When we started working on the concept of a pedal effect based on a Shepard glissando, one of the first things we needed to decide was how many filters would be necessary (or ideal) in its parallel filter bank. This vision, fully realized in the Spira filter modulation pedal, led us to design for up to a maximum of 24 bandpass filters and a maximum slope of 18 dB per octave.

That’s a lot of processing, and we knew we needed a platform to deliver that kind of power with minimal latency. So we are excited to be debuting our FPGA signal processing platform, which makes Spira possible.

For my more technical readers, I’ve gone deeper into the details in a separate tech article. Please feel free to jump over there and get a better under-the-hood look at our experience developing for an FPGA stack.

In this post, here is the news I think everyone will be excited about.
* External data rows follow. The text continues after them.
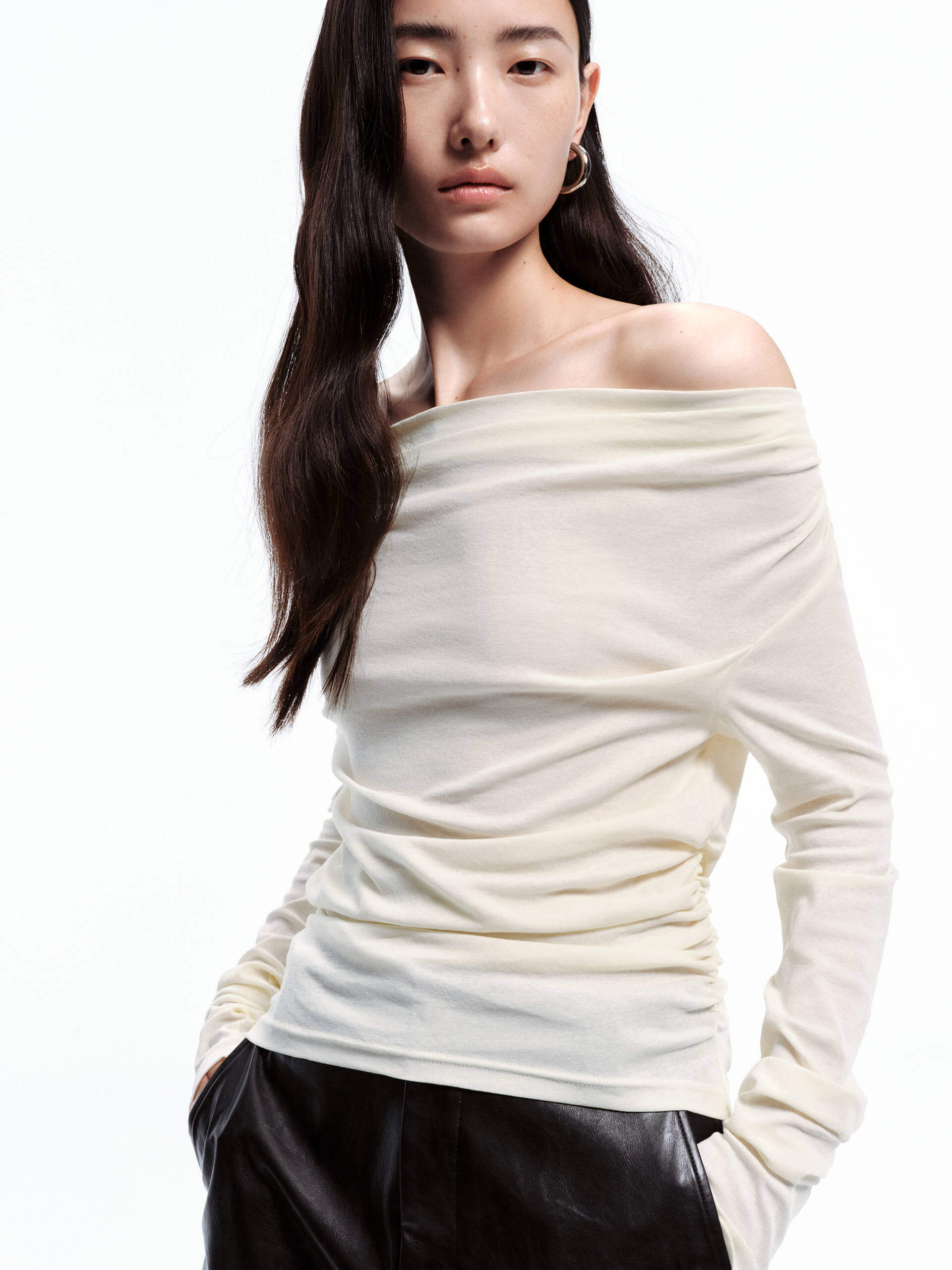 Cotton Off Shoulder Top - Image 9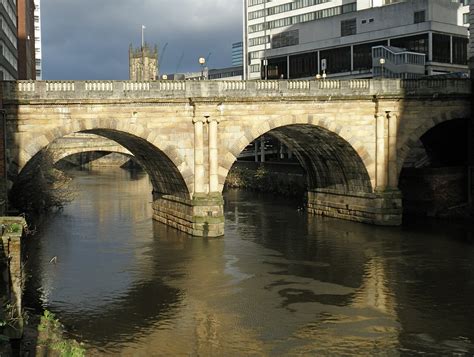 guttae: Blackfriars Bridge, Manchester and Salford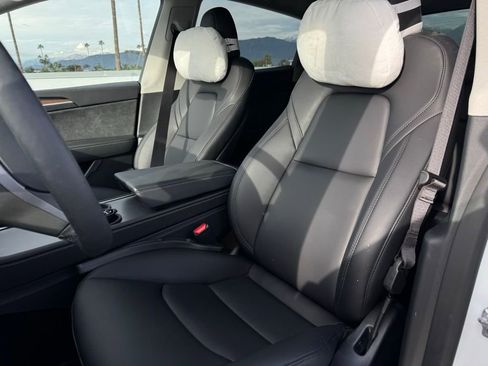 Used 2024 Tesla Model Y Performance image 5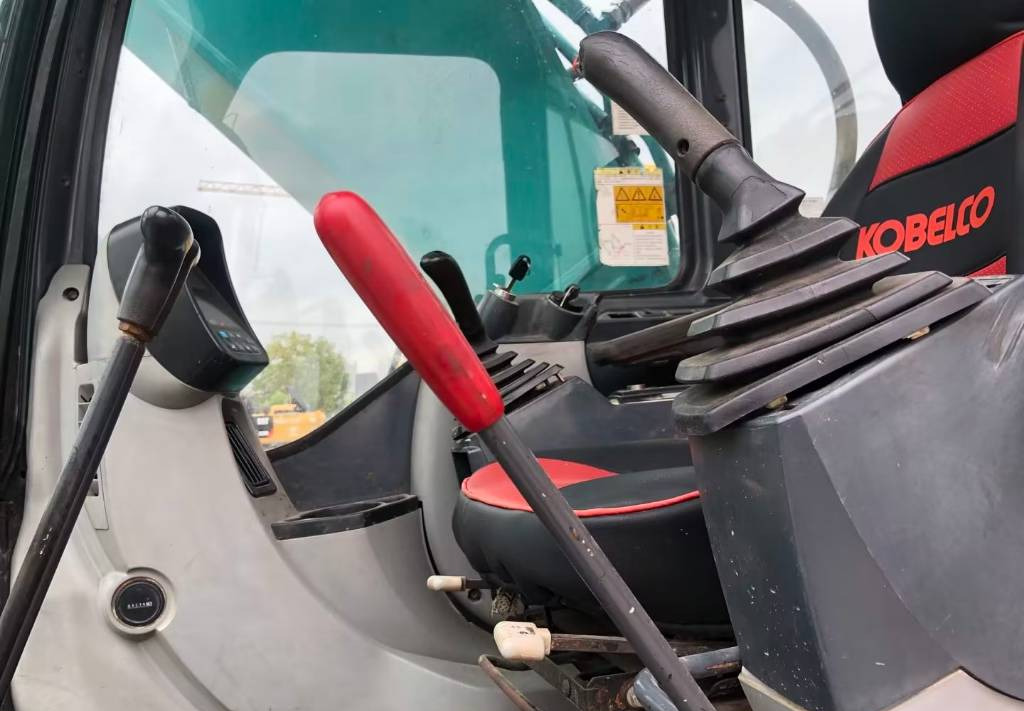 Kobelco SK 210-8 - Pelle sur chenille: photos 5 Kobelco SK 210-8 - Pelle sur chenille: photos 5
Our work on Spira has shown us that the next generation of hardware can be faster, more powerful, and simply do more. With Spira, I think we’ve just scratched the surface. I’m excited about what comes next, and I hope you will be too. I also think a shift is underway throughout the industry, and this isn’t just about what we are doing at Korora Audio.

There have been some interesting announcements recently for products using FPGA in synthesizers, studio gear, and other larger and more expensive products. That seems like a natural place for the wave to start, in products with overall greater processing demands. But we’ve seen firsthand that the numbers now make sense for smaller products at a lower price point. We are excited about the future and the potential for smaller, portable, and price competitive products like Spira.